[EXCERPTED DATA]:
────────

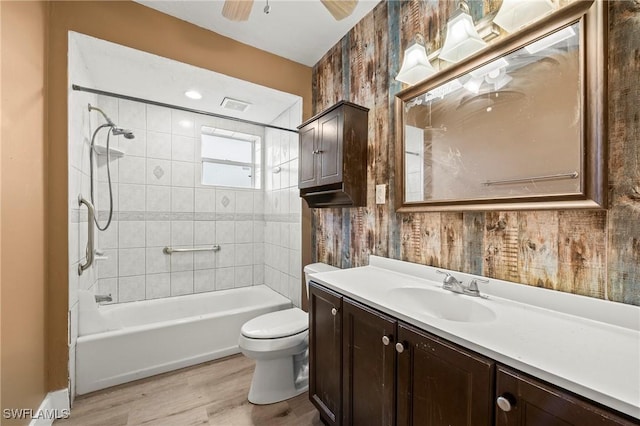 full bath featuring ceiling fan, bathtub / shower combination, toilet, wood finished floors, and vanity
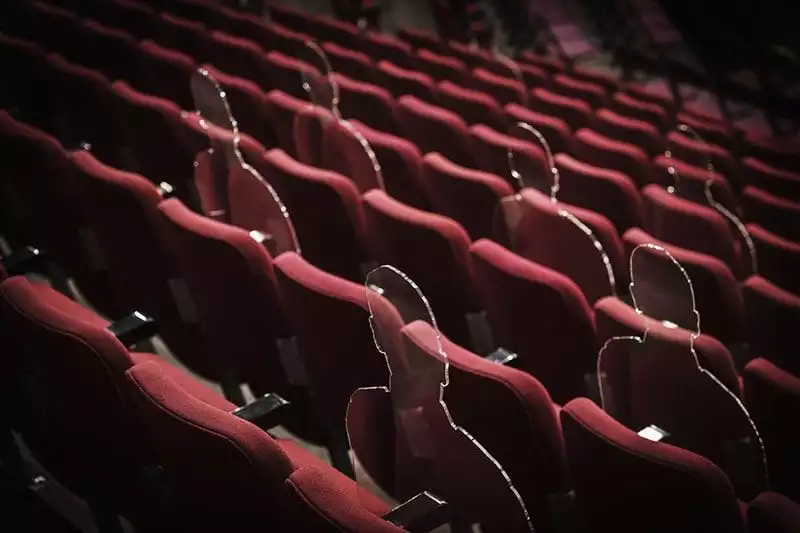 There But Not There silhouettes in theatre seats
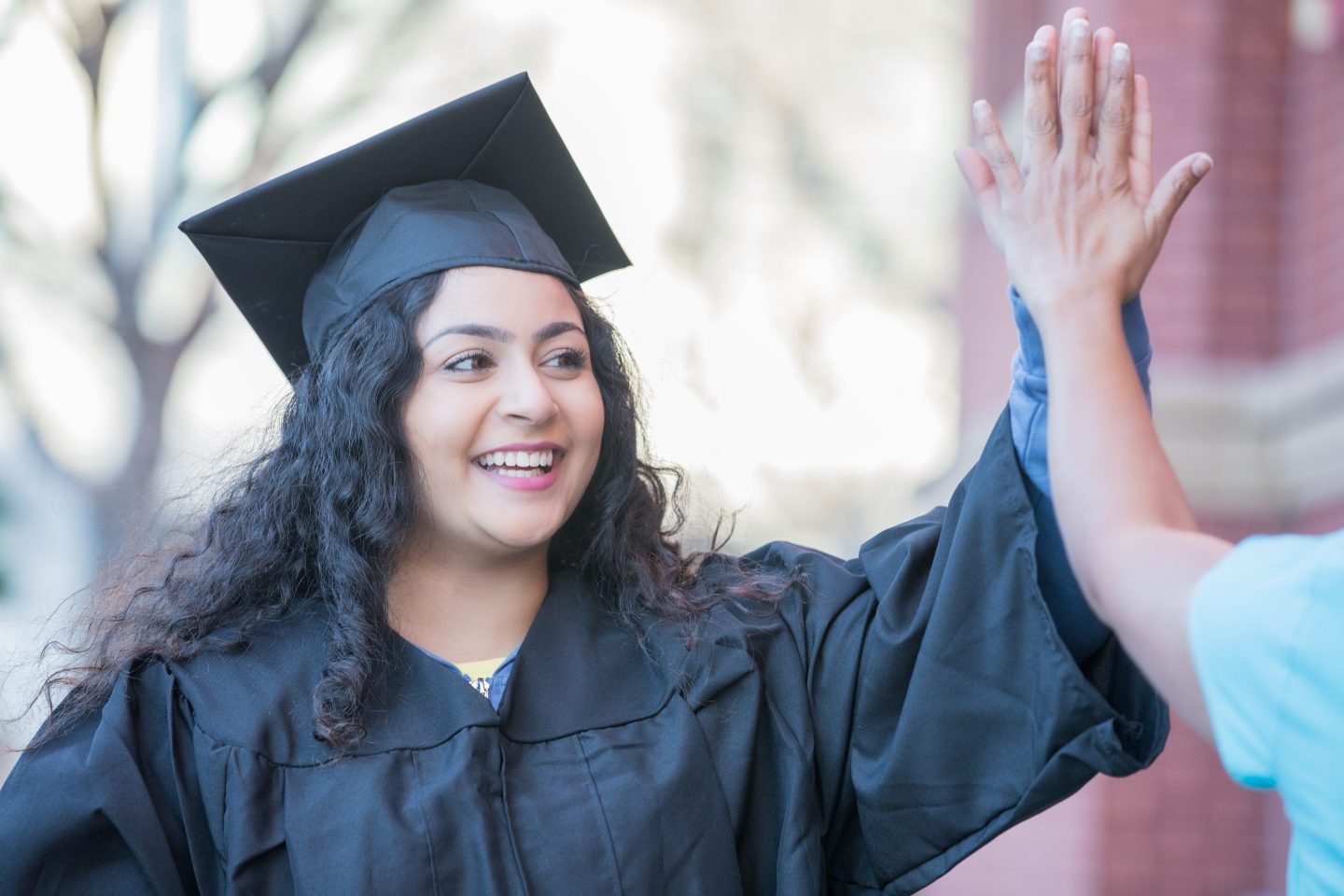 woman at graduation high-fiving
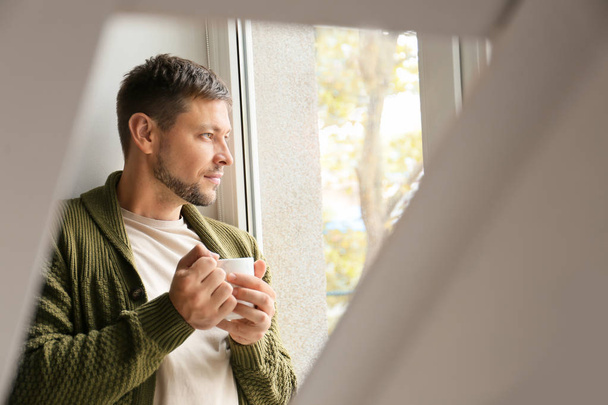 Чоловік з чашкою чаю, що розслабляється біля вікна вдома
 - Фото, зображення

────────

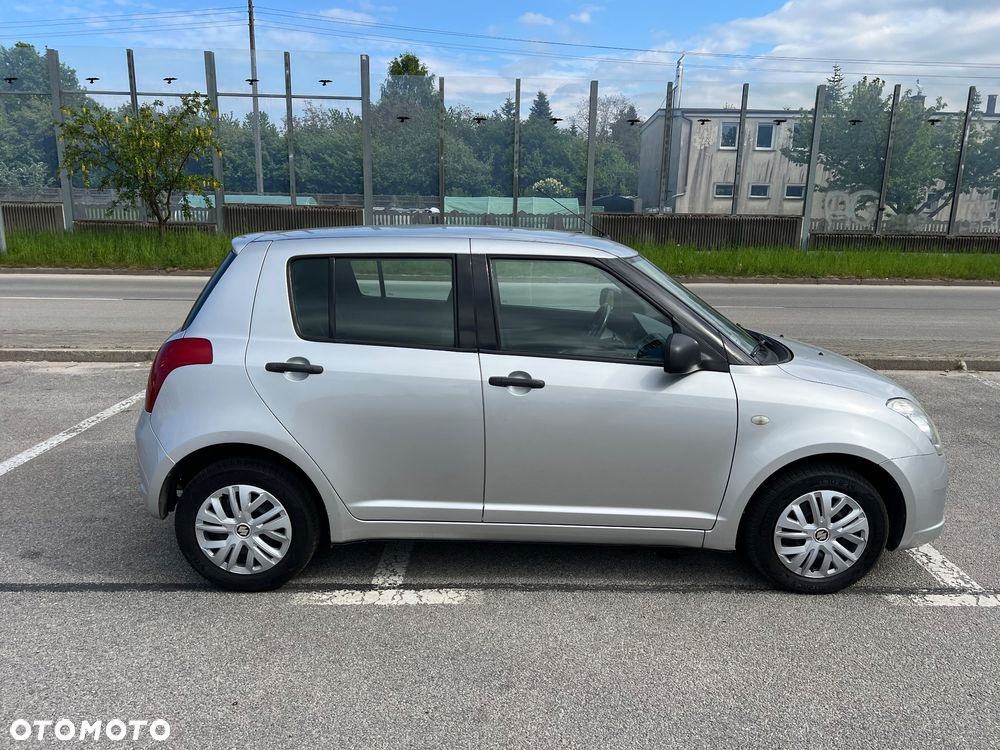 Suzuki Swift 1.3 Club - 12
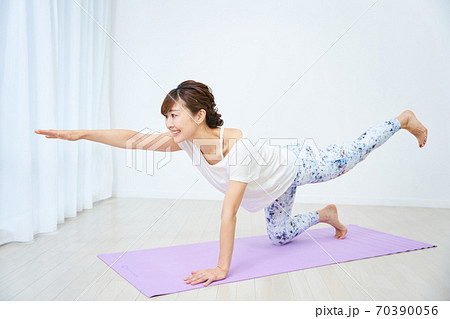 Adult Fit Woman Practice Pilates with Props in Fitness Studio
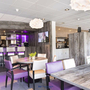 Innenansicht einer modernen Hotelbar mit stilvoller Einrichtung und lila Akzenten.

────────

[YOUR OBJECTIVE]: No picture is to be printed. Output exactly the lines above from the line containing "full bath featuring" through the line containing "- Фото, зображення".

[SOLVED EXERCISE]:
 full bath featuring ceiling fan, bathtub / shower combination, toilet, wood finished floors, and vanity
 There But Not There silhouettes in theatre seats
 woman at graduation high-fiving
 Чоловік з чашкою чаю, що розслабляється біля вікна вдома
 - Фото, зображення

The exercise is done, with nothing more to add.